Action item →
Reproduce the lines below exactly, from the one containing "Teeth Cleaning, Teeth" through the one containing "3925073_lechenieakneipostakne2 (643x266, 122Kb)", both included. Leave out any pictures.

Data provided →
——

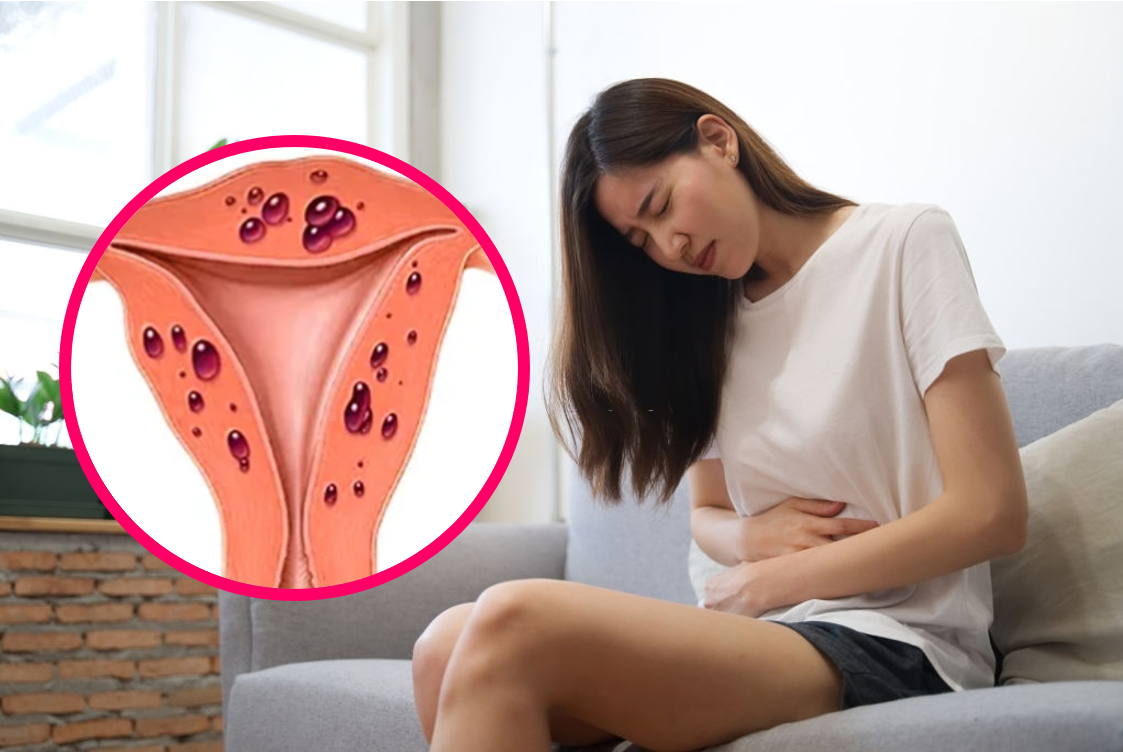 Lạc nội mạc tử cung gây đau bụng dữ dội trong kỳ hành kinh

——

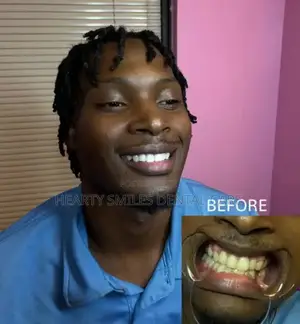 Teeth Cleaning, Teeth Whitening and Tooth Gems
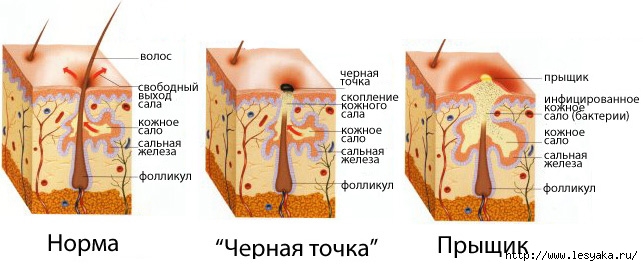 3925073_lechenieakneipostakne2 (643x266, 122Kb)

——

Task answer →
 Teeth Cleaning, Teeth Whitening and Tooth Gems
 3925073_lechenieakneipostakne2 (643x266, 122Kb)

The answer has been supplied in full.